Instructions for the task —
All that should be output is the block of lines below from the line with "amazon prime books on audio" to the line with "PALO 1.2V 2a", both included, exactly as written.
BEGIN Dataset entries
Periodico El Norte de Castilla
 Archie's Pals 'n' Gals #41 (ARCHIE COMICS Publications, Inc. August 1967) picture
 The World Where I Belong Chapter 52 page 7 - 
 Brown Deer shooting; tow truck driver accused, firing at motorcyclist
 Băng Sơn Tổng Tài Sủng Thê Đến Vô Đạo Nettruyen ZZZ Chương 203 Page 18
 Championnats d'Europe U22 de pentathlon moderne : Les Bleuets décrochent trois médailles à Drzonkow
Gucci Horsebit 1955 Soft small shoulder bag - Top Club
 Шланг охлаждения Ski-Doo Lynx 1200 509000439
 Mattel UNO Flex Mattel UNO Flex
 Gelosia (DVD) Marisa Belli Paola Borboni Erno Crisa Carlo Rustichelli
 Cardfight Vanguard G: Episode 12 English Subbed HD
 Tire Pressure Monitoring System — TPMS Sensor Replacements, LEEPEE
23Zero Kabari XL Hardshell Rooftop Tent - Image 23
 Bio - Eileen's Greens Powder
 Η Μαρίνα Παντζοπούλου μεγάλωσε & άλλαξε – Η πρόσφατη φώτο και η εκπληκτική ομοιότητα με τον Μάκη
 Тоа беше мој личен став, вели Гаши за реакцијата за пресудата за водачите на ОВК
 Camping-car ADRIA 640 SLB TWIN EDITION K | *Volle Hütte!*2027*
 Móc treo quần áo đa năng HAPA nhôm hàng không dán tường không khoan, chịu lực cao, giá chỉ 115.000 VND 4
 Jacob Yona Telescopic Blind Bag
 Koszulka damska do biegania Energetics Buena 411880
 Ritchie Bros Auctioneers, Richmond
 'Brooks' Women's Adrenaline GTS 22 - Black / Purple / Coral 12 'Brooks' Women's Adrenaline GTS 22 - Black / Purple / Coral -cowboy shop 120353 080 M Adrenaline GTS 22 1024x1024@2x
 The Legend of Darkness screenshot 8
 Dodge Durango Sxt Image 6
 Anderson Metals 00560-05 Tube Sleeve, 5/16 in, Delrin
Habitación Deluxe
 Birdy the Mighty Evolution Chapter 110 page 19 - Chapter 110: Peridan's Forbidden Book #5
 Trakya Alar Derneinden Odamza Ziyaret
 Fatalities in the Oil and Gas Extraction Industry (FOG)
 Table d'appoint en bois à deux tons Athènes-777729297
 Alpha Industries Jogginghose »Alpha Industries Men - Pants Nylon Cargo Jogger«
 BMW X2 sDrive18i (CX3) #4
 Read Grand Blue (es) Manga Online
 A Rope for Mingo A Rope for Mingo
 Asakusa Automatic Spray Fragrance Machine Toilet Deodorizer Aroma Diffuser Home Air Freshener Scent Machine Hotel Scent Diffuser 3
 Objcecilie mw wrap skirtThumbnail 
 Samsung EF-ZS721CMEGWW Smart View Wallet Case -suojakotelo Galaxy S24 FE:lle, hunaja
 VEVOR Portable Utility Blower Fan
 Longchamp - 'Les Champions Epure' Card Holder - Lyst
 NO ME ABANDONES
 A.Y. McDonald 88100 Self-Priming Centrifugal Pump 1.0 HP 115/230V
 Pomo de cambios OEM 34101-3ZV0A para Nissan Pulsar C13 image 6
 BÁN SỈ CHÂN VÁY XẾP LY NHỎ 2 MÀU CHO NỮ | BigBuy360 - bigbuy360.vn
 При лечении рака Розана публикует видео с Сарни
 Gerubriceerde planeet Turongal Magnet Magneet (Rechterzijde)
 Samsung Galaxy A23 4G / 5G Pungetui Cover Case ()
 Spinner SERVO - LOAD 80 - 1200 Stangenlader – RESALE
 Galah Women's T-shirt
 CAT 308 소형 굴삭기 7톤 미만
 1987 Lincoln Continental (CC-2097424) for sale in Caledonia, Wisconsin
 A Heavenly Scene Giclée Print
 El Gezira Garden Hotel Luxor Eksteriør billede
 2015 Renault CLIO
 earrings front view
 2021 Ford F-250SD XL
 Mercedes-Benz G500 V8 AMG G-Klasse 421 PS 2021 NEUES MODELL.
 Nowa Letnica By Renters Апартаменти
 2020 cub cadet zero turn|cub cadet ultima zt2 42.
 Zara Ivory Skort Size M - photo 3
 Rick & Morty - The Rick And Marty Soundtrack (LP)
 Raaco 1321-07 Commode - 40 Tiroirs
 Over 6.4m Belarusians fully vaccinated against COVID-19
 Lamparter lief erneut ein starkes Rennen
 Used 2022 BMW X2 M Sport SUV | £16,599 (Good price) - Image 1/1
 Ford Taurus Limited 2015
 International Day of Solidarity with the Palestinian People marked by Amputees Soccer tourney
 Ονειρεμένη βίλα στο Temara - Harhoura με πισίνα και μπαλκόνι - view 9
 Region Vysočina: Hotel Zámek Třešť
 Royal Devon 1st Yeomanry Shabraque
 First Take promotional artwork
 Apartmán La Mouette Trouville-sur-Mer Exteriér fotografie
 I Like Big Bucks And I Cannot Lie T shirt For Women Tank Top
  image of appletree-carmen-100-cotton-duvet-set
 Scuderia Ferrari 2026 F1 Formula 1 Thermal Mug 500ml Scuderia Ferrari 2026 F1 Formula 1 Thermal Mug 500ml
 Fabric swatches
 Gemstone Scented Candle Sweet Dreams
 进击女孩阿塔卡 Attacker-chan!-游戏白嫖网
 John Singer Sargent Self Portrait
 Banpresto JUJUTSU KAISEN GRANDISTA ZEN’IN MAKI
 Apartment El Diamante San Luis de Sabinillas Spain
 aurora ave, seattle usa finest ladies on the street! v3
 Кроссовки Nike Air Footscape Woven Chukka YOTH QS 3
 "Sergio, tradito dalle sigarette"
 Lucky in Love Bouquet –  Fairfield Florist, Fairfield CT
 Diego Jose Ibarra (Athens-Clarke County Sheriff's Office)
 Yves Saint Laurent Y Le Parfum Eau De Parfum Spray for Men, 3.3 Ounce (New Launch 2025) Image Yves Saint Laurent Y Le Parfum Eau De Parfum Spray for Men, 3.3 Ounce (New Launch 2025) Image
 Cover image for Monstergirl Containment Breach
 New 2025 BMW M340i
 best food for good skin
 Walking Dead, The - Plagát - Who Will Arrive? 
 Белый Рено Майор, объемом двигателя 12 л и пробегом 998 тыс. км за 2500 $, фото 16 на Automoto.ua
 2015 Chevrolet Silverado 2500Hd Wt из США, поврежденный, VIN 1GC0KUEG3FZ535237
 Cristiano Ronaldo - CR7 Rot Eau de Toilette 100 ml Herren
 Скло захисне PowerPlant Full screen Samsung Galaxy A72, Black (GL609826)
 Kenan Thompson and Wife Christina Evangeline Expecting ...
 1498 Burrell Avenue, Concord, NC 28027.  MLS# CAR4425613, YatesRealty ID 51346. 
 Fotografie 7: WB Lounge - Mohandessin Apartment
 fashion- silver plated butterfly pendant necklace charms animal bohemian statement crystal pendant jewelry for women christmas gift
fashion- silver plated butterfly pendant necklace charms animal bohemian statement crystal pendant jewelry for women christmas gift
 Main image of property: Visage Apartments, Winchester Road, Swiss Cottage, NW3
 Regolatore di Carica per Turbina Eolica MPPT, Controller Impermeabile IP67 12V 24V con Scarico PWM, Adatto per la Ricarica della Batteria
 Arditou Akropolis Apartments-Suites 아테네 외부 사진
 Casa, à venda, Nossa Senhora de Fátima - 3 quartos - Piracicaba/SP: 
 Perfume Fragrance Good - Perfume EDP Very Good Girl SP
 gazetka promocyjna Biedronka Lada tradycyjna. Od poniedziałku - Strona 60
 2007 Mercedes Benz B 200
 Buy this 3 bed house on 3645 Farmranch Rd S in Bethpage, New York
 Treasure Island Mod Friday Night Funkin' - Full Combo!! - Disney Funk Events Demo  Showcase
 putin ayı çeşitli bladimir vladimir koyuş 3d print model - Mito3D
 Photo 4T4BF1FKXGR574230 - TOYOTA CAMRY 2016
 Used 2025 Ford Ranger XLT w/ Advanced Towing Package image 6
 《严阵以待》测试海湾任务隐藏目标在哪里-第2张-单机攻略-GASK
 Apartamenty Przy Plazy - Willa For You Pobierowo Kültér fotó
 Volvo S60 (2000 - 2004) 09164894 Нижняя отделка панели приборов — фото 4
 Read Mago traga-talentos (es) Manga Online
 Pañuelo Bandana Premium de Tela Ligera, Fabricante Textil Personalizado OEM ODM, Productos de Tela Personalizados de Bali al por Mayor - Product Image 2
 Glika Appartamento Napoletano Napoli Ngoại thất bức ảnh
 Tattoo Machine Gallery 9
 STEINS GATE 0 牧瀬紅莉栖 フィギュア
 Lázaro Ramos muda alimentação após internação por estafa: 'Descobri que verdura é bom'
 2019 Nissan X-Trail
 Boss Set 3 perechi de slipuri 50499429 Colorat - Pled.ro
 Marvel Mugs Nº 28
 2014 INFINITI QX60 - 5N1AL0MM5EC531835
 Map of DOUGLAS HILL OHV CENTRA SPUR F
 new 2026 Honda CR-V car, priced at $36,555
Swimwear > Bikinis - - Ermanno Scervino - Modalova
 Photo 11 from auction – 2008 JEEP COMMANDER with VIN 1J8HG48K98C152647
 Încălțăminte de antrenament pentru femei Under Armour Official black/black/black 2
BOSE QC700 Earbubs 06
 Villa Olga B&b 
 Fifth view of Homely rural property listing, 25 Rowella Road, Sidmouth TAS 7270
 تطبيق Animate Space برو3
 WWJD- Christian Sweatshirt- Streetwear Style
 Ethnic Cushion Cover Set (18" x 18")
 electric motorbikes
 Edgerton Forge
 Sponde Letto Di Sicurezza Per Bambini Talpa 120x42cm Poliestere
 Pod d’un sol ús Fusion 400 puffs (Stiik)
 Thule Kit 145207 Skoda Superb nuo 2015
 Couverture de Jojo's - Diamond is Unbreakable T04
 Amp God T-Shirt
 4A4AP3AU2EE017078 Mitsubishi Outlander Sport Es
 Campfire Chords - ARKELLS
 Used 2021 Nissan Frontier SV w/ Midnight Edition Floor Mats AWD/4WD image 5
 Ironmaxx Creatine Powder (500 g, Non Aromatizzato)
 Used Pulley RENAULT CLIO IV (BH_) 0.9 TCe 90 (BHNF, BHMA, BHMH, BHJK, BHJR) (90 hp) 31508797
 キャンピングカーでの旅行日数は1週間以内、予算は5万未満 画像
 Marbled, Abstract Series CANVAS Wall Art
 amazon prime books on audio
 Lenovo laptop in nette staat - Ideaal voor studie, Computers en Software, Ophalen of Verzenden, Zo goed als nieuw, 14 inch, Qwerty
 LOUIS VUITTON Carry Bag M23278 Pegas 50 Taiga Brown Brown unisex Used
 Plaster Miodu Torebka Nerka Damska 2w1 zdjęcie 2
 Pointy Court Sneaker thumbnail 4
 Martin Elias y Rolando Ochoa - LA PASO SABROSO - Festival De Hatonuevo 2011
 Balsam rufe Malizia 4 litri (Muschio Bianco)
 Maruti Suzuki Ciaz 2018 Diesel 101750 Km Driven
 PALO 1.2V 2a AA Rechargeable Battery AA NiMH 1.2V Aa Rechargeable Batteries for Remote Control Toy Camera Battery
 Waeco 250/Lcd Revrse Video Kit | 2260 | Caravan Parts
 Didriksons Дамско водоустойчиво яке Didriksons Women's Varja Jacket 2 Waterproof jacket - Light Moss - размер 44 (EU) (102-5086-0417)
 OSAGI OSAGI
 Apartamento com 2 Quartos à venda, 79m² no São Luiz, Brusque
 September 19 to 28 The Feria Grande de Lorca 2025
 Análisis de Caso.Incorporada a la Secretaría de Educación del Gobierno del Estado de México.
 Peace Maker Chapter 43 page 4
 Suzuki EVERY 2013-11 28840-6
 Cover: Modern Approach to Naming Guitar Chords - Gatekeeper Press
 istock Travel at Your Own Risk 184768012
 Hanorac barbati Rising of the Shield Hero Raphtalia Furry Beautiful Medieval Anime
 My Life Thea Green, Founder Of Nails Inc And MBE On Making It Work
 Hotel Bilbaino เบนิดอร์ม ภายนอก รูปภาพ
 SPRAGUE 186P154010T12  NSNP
END Dataset entries
Reply to the task —
 amazon prime books on audio
 Lenovo laptop in nette staat - Ideaal voor studie, Computers en Software, Ophalen of Verzenden, Zo goed als nieuw, 14 inch, Qwerty
 LOUIS VUITTON Carry Bag M23278 Pegas 50 Taiga Brown Brown unisex Used
 Plaster Miodu Torebka Nerka Damska 2w1 zdjęcie 2
 Pointy Court Sneaker thumbnail 4
 Martin Elias y Rolando Ochoa - LA PASO SABROSO - Festival De Hatonuevo 2011
 Balsam rufe Malizia 4 litri (Muschio Bianco)
 Maruti Suzuki Ciaz 2018 Diesel 101750 Km Driven
 PALO 1.2V 2a AA Rechargeable Battery AA NiMH 1.2V Aa Rechargeable Batteries for Remote Control Toy Camera Battery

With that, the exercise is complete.